- _DIRECTIONS_: Copy out every line of the data that follows, exactly.

[Short descriptive text snippets]
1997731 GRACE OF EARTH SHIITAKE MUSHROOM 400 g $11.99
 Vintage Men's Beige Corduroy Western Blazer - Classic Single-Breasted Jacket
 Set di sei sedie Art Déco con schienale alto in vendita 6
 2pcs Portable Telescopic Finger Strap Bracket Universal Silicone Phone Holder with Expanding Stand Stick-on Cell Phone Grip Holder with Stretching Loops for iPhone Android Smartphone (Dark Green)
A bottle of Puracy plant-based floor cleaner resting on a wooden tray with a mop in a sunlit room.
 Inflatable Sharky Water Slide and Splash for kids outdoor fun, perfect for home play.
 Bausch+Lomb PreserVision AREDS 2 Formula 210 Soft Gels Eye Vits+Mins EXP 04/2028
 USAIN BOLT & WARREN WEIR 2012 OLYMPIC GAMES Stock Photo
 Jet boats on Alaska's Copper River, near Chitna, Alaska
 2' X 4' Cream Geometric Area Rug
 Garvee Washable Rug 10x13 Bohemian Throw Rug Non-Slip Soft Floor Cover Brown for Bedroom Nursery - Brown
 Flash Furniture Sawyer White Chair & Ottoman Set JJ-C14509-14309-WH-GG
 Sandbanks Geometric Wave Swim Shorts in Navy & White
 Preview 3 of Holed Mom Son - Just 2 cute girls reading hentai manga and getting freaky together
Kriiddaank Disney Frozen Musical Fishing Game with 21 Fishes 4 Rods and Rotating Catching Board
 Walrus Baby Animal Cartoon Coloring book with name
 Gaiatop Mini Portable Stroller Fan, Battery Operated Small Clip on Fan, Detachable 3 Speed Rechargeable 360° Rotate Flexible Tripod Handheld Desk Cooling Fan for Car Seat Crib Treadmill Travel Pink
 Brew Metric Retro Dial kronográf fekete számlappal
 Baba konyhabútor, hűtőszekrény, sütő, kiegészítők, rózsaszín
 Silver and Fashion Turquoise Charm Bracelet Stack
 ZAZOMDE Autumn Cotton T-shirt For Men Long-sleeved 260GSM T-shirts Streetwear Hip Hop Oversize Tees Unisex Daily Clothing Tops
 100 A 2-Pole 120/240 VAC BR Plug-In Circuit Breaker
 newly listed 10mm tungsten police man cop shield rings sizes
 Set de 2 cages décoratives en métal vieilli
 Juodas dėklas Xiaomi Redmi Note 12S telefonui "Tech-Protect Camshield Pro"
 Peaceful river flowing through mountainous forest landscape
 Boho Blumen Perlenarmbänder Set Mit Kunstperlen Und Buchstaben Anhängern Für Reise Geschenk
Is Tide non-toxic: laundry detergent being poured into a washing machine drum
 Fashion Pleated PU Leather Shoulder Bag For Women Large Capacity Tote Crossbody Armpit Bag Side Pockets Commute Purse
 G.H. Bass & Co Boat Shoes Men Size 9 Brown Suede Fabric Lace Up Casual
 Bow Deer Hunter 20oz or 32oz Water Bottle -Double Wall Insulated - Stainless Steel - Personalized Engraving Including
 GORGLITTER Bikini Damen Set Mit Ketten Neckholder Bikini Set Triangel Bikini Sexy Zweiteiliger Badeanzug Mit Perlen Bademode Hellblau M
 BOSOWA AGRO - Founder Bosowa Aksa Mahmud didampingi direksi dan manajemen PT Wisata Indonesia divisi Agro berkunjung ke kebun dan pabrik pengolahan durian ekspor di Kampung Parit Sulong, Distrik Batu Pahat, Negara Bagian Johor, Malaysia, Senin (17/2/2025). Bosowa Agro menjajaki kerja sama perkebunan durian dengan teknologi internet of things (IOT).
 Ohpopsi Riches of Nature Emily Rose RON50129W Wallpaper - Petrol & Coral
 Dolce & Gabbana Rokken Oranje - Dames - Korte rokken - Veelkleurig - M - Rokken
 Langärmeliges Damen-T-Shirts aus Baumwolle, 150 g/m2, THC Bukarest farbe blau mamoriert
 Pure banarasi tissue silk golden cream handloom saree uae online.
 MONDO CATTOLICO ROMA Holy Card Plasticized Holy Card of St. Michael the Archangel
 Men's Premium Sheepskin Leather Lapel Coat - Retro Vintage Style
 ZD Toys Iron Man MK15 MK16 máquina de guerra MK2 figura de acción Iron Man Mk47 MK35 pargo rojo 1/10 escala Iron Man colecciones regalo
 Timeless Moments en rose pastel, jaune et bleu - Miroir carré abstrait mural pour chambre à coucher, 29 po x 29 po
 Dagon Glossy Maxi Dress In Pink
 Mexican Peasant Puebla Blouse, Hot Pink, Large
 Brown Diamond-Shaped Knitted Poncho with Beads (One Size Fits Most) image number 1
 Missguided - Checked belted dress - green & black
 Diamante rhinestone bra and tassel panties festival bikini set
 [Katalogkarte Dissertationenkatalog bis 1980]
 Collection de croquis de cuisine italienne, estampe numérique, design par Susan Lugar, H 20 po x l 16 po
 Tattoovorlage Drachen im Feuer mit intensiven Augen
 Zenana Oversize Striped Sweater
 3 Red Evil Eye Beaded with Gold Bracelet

- _REPLY_:
1997731 GRACE OF EARTH SHIITAKE MUSHROOM 400 g $11.99
 Vintage Men's Beige Corduroy Western Blazer - Classic Single-Breasted Jacket
 Set di sei sedie Art Déco con schienale alto in vendita 6
 2pcs Portable Telescopic Finger Strap Bracket Universal Silicone Phone Holder with Expanding Stand Stick-on Cell Phone Grip Holder with Stretching Loops for iPhone Android Smartphone (Dark Green)
A bottle of Puracy plant-based floor cleaner resting on a wooden tray with a mop in a sunlit room.
 Inflatable Sharky Water Slide and Splash for kids outdoor fun, perfect for home play.
 Bausch+Lomb PreserVision AREDS 2 Formula 210 Soft Gels Eye Vits+Mins EXP 04/2028
 USAIN BOLT & WARREN WEIR 2012 OLYMPIC GAMES Stock Photo
 Jet boats on Alaska's Copper River, near Chitna, Alaska
 2' X 4' Cream Geometric Area Rug
 Garvee Washable Rug 10x13 Bohemian Throw Rug Non-Slip Soft Floor Cover Brown for Bedroom Nursery - Brown
 Flash Furniture Sawyer White Chair & Ottoman Set JJ-C14509-14309-WH-GG
 Sandbanks Geometric Wave Swim Shorts in Navy & White
 Preview 3 of Holed Mom Son - Just 2 cute girls reading hentai manga and getting freaky together
Kriiddaank Disney Frozen Musical Fishing Game with 21 Fishes 4 Rods and Rotating Catching Board
 Walrus Baby Animal Cartoon Coloring book with name
 Gaiatop Mini Portable Stroller Fan, Battery Operated Small Clip on Fan, Detachable 3 Speed Rechargeable 360° Rotate Flexible Tripod Handheld Desk Cooling Fan for Car Seat Crib Treadmill Travel Pink
 Brew Metric Retro Dial kronográf fekete számlappal
 Baba konyhabútor, hűtőszekrény, sütő, kiegészítők, rózsaszín
 Silver and Fashion Turquoise Charm Bracelet Stack
 ZAZOMDE Autumn Cotton T-shirt For Men Long-sleeved 260GSM T-shirts Streetwear Hip Hop Oversize Tees Unisex Daily Clothing Tops
 100 A 2-Pole 120/240 VAC BR Plug-In Circuit Breaker
 newly listed 10mm tungsten police man cop shield rings sizes
 Set de 2 cages décoratives en métal vieilli
 Juodas dėklas Xiaomi Redmi Note 12S telefonui "Tech-Protect Camshield Pro"
 Peaceful river flowing through mountainous forest landscape
 Boho Blumen Perlenarmbänder Set Mit Kunstperlen Und Buchstaben Anhängern Für Reise Geschenk
Is Tide non-toxic: laundry detergent being poured into a washing machine drum
 Fashion Pleated PU Leather Shoulder Bag For Women Large Capacity Tote Crossbody Armpit Bag Side Pockets Commute Purse
 G.H. Bass & Co Boat Shoes Men Size 9 Brown Suede Fabric Lace Up Casual
 Bow Deer Hunter 20oz or 32oz Water Bottle -Double Wall Insulated - Stainless Steel - Personalized Engraving Including
 GORGLITTER Bikini Damen Set Mit Ketten Neckholder Bikini Set Triangel Bikini Sexy Zweiteiliger Badeanzug Mit Perlen Bademode Hellblau M
 BOSOWA AGRO - Founder Bosowa Aksa Mahmud didampingi direksi dan manajemen PT Wisata Indonesia divisi Agro berkunjung ke kebun dan pabrik pengolahan durian ekspor di Kampung Parit Sulong, Distrik Batu Pahat, Negara Bagian Johor, Malaysia, Senin (17/2/2025). Bosowa Agro menjajaki kerja sama perkebunan durian dengan teknologi internet of things (IOT).
 Ohpopsi Riches of Nature Emily Rose RON50129W Wallpaper - Petrol & Coral
 Dolce & Gabbana Rokken Oranje - Dames - Korte rokken - Veelkleurig - M - Rokken
 Langärmeliges Damen-T-Shirts aus Baumwolle, 150 g/m2, THC Bukarest farbe blau mamoriert
 Pure banarasi tissue silk golden cream handloom saree uae online.
 MONDO CATTOLICO ROMA Holy Card Plasticized Holy Card of St. Michael the Archangel
 Men's Premium Sheepskin Leather Lapel Coat - Retro Vintage Style
 ZD Toys Iron Man MK15 MK16 máquina de guerra MK2 figura de acción Iron Man Mk47 MK35 pargo rojo 1/10 escala Iron Man colecciones regalo
 Timeless Moments en rose pastel, jaune et bleu - Miroir carré abstrait mural pour chambre à coucher, 29 po x 29 po
 Dagon Glossy Maxi Dress In Pink
 Mexican Peasant Puebla Blouse, Hot Pink, Large
 Brown Diamond-Shaped Knitted Poncho with Beads (One Size Fits Most) image number 1
 Missguided - Checked belted dress - green & black
 Diamante rhinestone bra and tassel panties festival bikini set
 [Katalogkarte Dissertationenkatalog bis 1980]
 Collection de croquis de cuisine italienne, estampe numérique, design par Susan Lugar, H 20 po x l 16 po
 Tattoovorlage Drachen im Feuer mit intensiven Augen
 Zenana Oversize Striped Sweater
 3 Red Evil Eye Beaded with Gold Bracelet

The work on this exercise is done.